The lira has fallen 80% against the dollar since the start of the year, losing 27% in the last week alone and plunging to an all-time low against the dollar. The economic uncertainty and rising inflation, has forced Turkish merchants to find refuge in bitcoin, many of them preferring the foremost cryptocurrency over their severely weakened fiat currency.
As a result of the increased demand for bitcoin, some local digital exchanges platforms have seen their trading volume rise by as much as 150% in the last week with the price of bitcoin jumping to seven-month high against the lira, on Monday.

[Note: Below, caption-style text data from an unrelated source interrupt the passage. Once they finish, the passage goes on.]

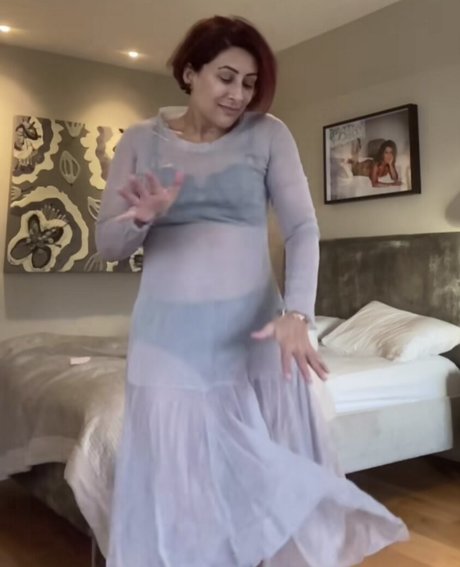 Saira Khan Nacktbilder von OnlyFans geleakt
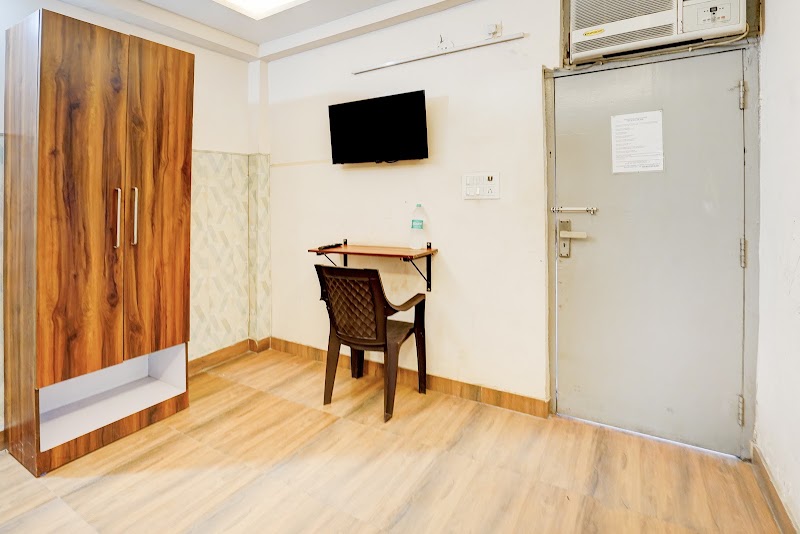 Hotel O by OYO Knights Inn - Hotel O by OYO Knights Inn, M1, Defence Colony, Bhopura, Sahibabad, Ghaziabad, Uttar Pradesh 201006, India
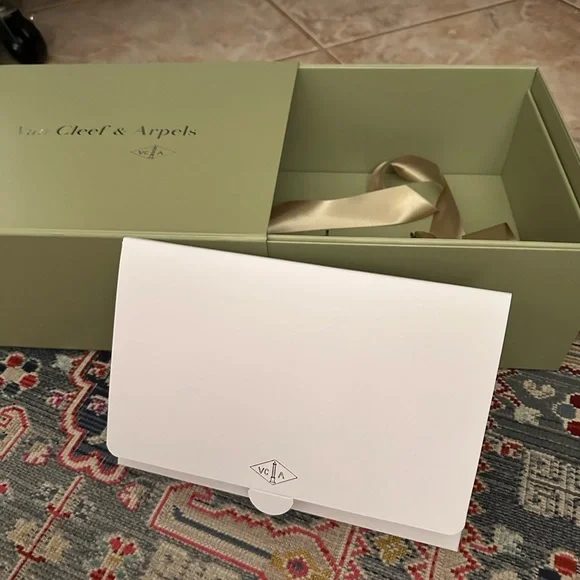 Van Cleef & Arpels | Accessories | Newest Vca Box With  display picture 1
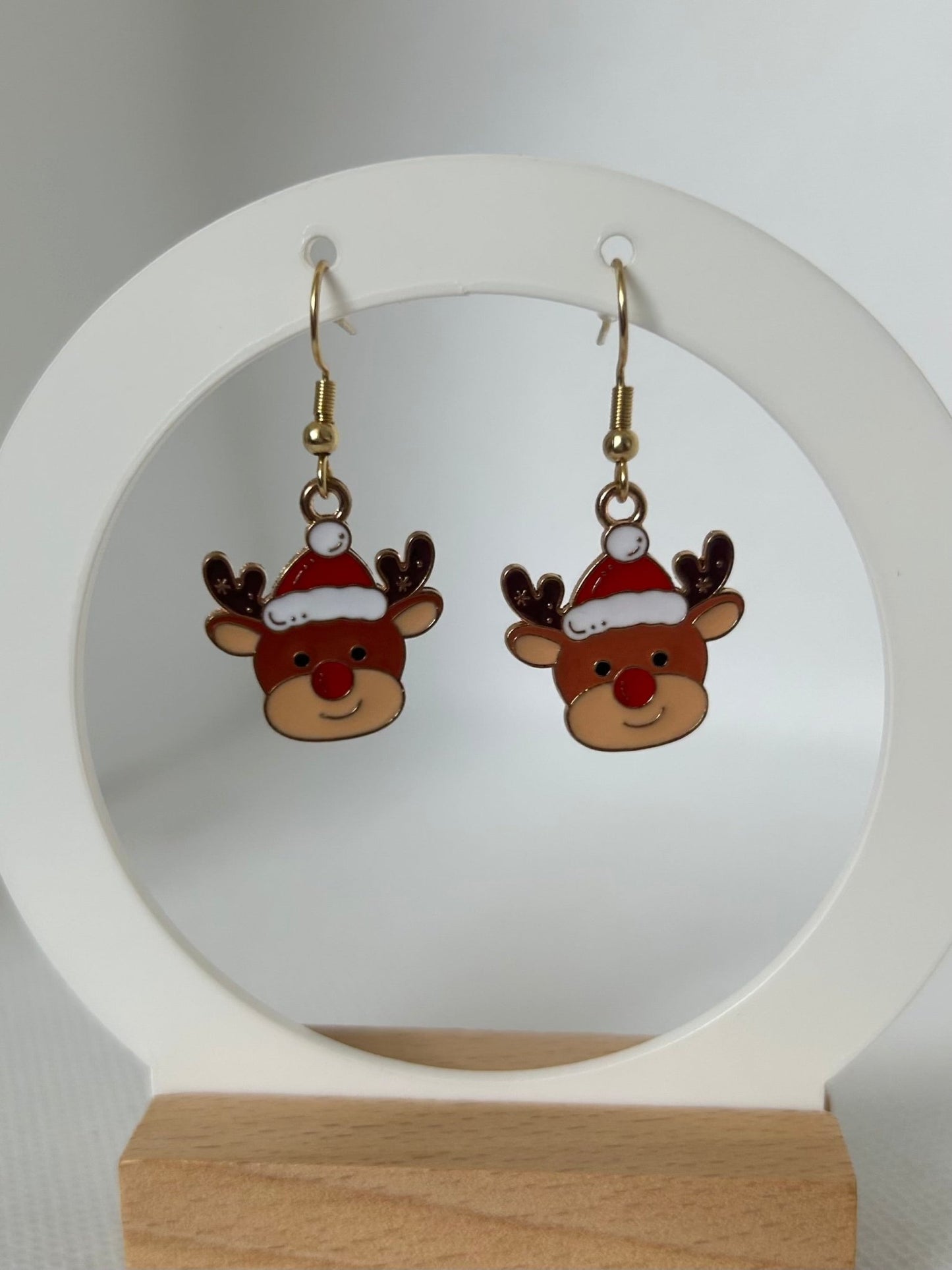 Handmade Christmas Character Dangle Earrings - Polar Bear / Penguin / Santa - Cute Metal Pendant - Perfect for Gifting or Stocking Fillers - Lottie And FloHandmade Christmas Character Dangle Earrings - Polar Bear / Penguin / Santa - Cute Metal Pendant - Perfect for Gifting or Stocking FillersHand made Christmas earringsLottie And Flo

Koinin, Turkey’s largest crypto exchange platform has seen its Bitcoin trading volume go up by 63 percent while Paribu, another Turkey-based platform, has witnessed a 100 percent spike in its 24-hour trading volume.

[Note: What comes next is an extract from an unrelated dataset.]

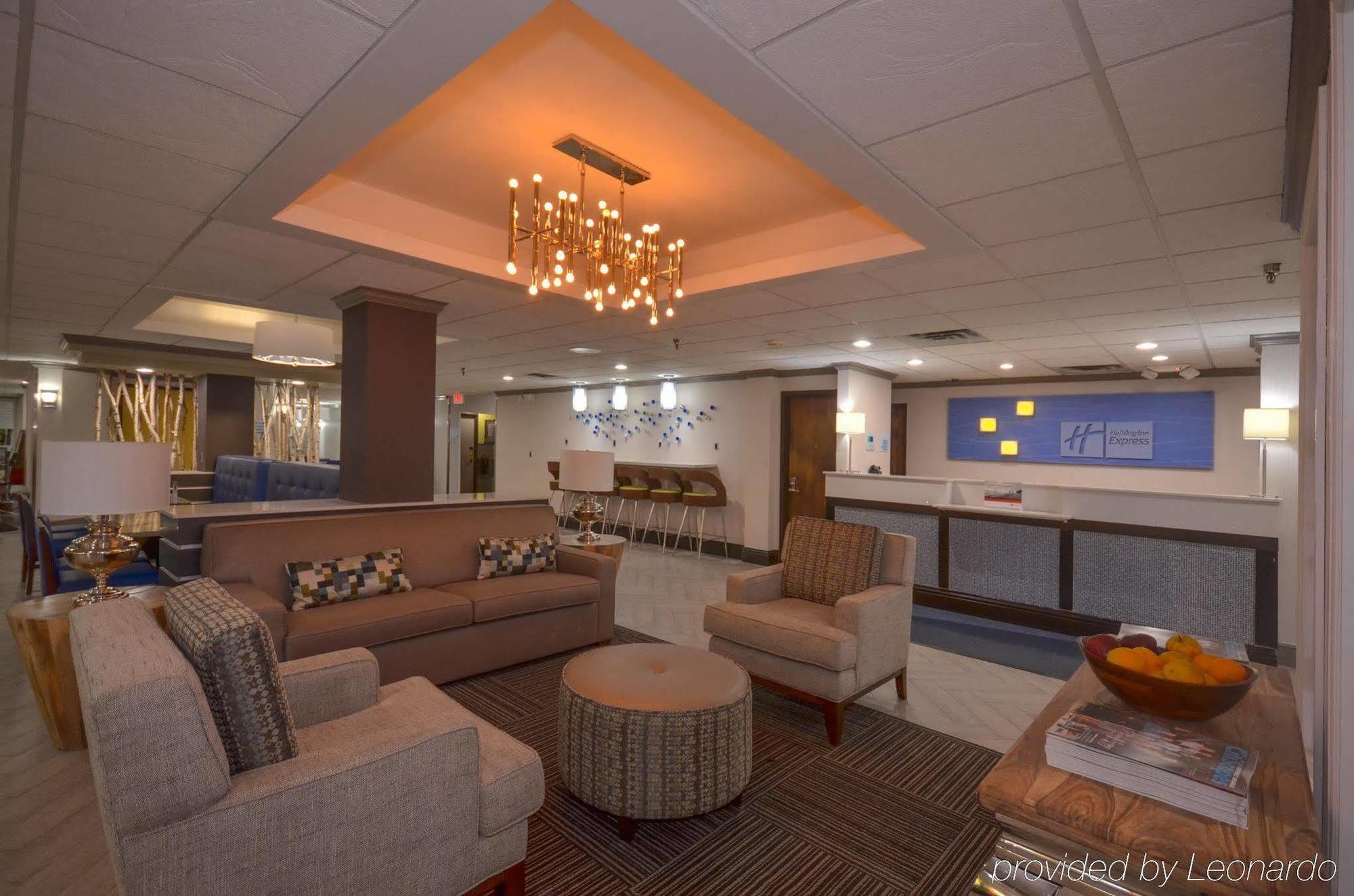 Holiday Inn Express & Suites Fayetteville University Of Arkansas Area By Ihg Εξωτερικό φωτογραφία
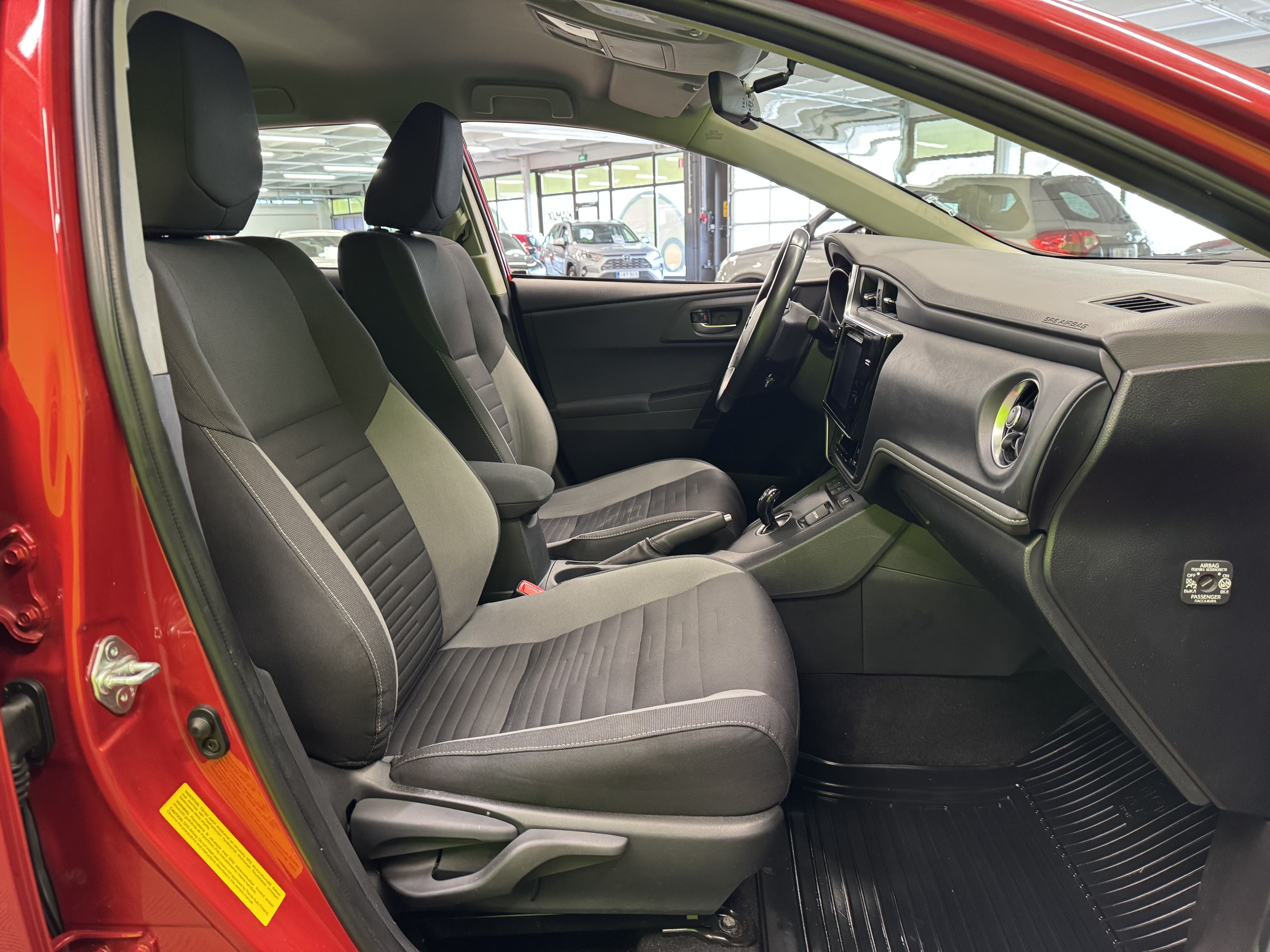 Toyota Auris 2016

Turkish-U.S. relations have broken down in recent months over Turkey’s refusal to release an American pastor in its custody who is being held on accusations of working as a spy and trying to bring down the Turkish government. Washington in turn responded by announcing huge tariffs on Turkish steel and aluminum imports.
The Turkish government has since rolled out a number of policies meant to halt the slide of the lira but the crisis appears far from over. Last week, we reported that Iran responded to similar U.S. sanctions by setting up a committee to explore the possibility of issuing a national state-backed cryptocurrencies to eliminate its dependency on the U.S dollar despite the fact that digital money is banned in Iran.
But unlike Iran, crypto is legal in Turkey with local exchanges enjoying the support of the banking establishment. Indeed, Turkey has the highest percentage of cryptocurrency ownership in all of Europe.